Termin

Titel:
Lampedusa 361: Finissage und Abschlusskonzert

Datum / Uhrzeit:
13.07.17   /  19:30 - 21:30

Veranstalter:
Friends of Dresden Deutschland e.V, Heinrich-Heine-Universität Düsseldorf


Ort:
Haus der Universität, Schadowplatz 14, 40212 Düsseldorf


Beschreibung:

 

Finissage 
Lampedusa 361. Finissage und Abschlusskonzert
Etta Scollo

Die Kunstinstallation „Lampedusa 361. Ein imaginärer Friedhof“ führt Fotos von auf der ganzen Insel verstreuten Flüchtlingsgräbern zusammen und möchte damit einen Eindruck vom Ausmaß der Tragödie vermitteln. Die 90 Motive wurden auf großformatige Matten gedruckt und dabei so ausgelegt, dass die Imagination eines Friedhofes entsteht. Die Ausstellung wird am 8. Juli mit einer Vernissage am Kö-Bogen eröffnet. Am gleichen Abend wird im Haus der Universität der auf der Berlinale 2016 ausgezeichnete Film „Seefeuer“ von Gianfranco Rosi gezeigt. Zur Finissage sowie dem Abschlusskonzert mit Etta Scollo sind Sie herzlich am 13. Juli eingeladen.

Etta Scollo schrieb Songs zur Tragödie der ertrunkenen Flüchtlinge

Inspiriert von der Kunstinstallation „Lampedusa 361” schrieb die als „Stimme Siziliens” berühmt gewordene Sängerin Etta Scollo das Lied „Sconoscuito-unbekannt“ über namenlos begrabene Flüchtlinge, die im Mittelmeer gestorben sind. Ein erstes Mal führte sie ihren Song am 12. Februar 2017 in der Dresdner Semperoper auf. Im Rahmen der Präsentation von „Lampedusa 361“ in Düsseldorf gibt sie am 13. Juli im Haus der Universität ein Konzert, wo auch dieser Song zu hören sein wird neben Liedern unter anderem nach Gedichten von zeitgenössischen Schreibern über das Thema Exil. Sowohl von sizilianischen Auswanderern in Amerika, wie nordafrikanischen Exilanten oder von Ibn Hamdis, dem größten arabisch-sizilianischen Dichter des 9. Jahrhundert, der von Sizilien nach Spanien ins Exil ging.

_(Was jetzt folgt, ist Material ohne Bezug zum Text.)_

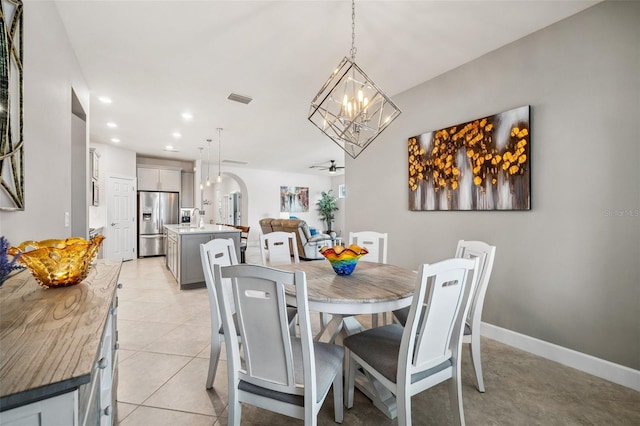 tiled dining area featuring ceiling fan and sink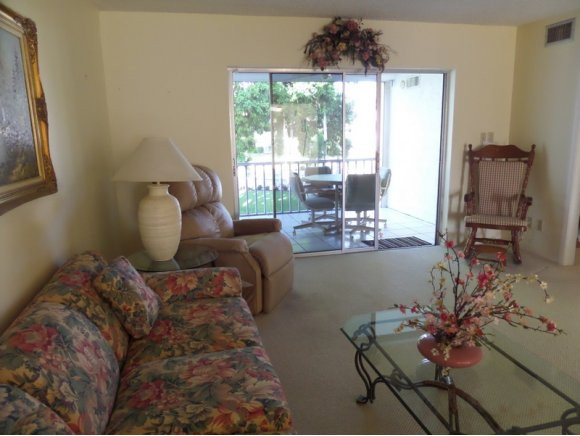 5467 Rattlesnake Hammock Road, Unit 204 Naples, FL 34113 - Photo 5 of 13 a living room with furniture and a large window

Außerdem wird Etta Scollo in Düsseldorf ein 10 Minuten langes Musikstück mit einer Rede als Text uraufführen. Es handelt sich um die zornige, mahnende Rede, die die Bürgermeisterin vom Lampedusa Giusi Nicolini an die Welt hielt, als sie im November 2012 ein erstes Mal auf dem Friedhof der Insel nicht mehr genug Grabstellen hatte, um alle Flüchtlinge zu bestatten, die vor Lampedusa ertrunken waren.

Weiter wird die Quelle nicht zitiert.